You’ll never find what you want playing random matches with strangers.

I never said this was a new, original and exciting idea.


I do understand what you are getting at with your post, regarding games trying to be overly realistic but not succeeding. However, there are two points I want to mention regarding this. First is there still has to be a balance between fun and realism. Granted I have only played RO out of the list you mentioned, the maps are generally pretty big. It would take ages for everyone to find and kill each other when it’s down to just a few guys. I can understand why they would include respawning, so players don’t get bored but instead keep interacting and fighting.

To me, ‘realism’ is more about the way the weapons and players handle themselves. Weapons need to handle realistically, there is no run & gun gameplay, no bunny hopping, no crosshairs (just iron sights), teamwork, communication, etc. The last time I played RO (a month or two ago), it had most of this and worked really well. I greatly enjoyed it.

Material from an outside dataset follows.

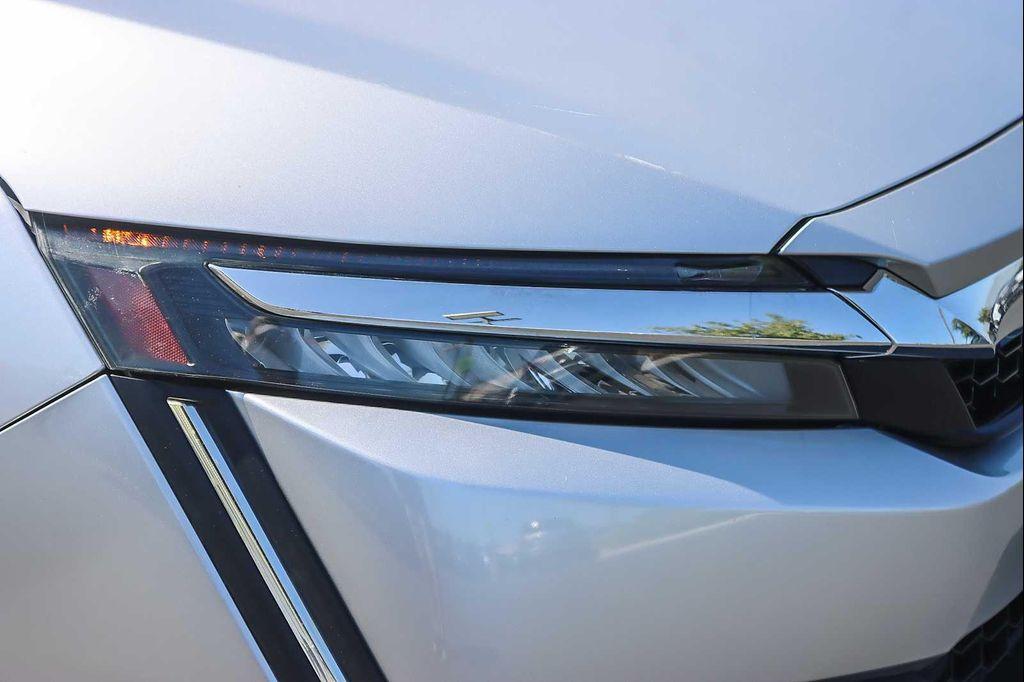 used 2018 Honda Clarity Plug-In Hybrid car, priced at $17,883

Secondly, in regards to people throwing themselves at stuff just so they can respawn, to me that is going to happen in any game. Realistic games just strive to recreate the world a little better, but ‘realism’ itself will never truly exist. People will always remember it’s a game, and it doesn’t not have the fear and permanent death aspect to keep people from carelessly tossing themselves out into the line of fire. There is nothing to discourage this behavior in any style game.

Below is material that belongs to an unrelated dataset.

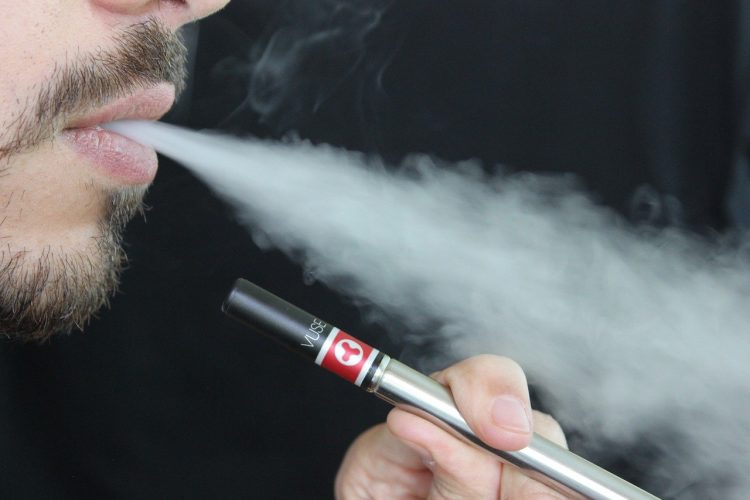 Meilleure cigarette électronique pour gros fumeur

Neotokyo though is a wonderful mod and I’ve enjoyed it. People still play it fairly TDM style though, but when you get with a good group of players who communicate, it is definitely fun. It’s a nice CS clone with some twists.

RO is awesome.

I think it does an amazing job of capturing the feel of an epic battle. Running through the environments, the sounds of explosions all around, how quickly you can die, you don’t feel safe anywhere… I think they did a pretty good job.

I remember when I got a bunch of friends together to play this. They had never touched the game before. To sum up their thoughts in one word… “Epic”. The game just gets the scale so right, you feel so tiny and weak… but you still have to fight.

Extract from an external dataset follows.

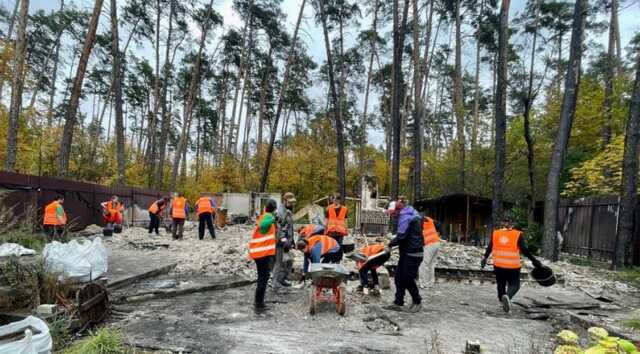 Валерій Харчишин разом із волонтерами розібрав уламки свого зруйнованого будинку у Гостомелі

I haven’t tried the HL2 mods you mentioned, but I do get your point. It does seem like these “realism” shooters have been trying to one-up eachother all the way… but I think it is cool. It is changing how the FPS game works. RO is a great example, you can just run around willy-nilly shooting from the hip… you need to think about what you are doing, hide behind buildings, wait for a chance to ambush, sneak up around the enemies flanks. The game rewards this play-style through how the combat works. 1 shot, 1 kill is usually how firefights go, so being sneaky or careful really pays off.

I haven’t played the game in probably 6 months, but that is how I remember the game working last I played. I was really into it.

Last Man Standing Action Quake blew the socks off Counter Strike any day of the week and both of those games were very far from realistic. There was also no viable FFA component to CS, nor was there any equipment besides the mandatory kevlar, nades & defusers. I tried the first beta for Insurgency, it was complete garbage and I never touched it again. What’s the population for small scale Source mods nowadays? I’d assume it can’t be much larger than a couple thousand active players, at best. Anyways, a large component of the LMS allure on public servers is the spectator aspect. This really hasn’t changed since Rocket Arena 1v1’s back in the QW days, it’s just more hilarious to watch someone headshot 7 other people with a single magazine of pistol ammunition as they flounder around like idiots.

That’s probably a bit on the high side past the first month after release - sadly valve / steam has stopped updating the game stats page that used to list hl2 mods as well as retail games. But back then (sept 06 was the last update to the stats page), most mods were averaging about 60 players and anywhere from 120 to 2 servers. With the number of mods released since then, I suspect that it’s even harder to maintain a player base after the first month of release above a couple of hundred concurrent players.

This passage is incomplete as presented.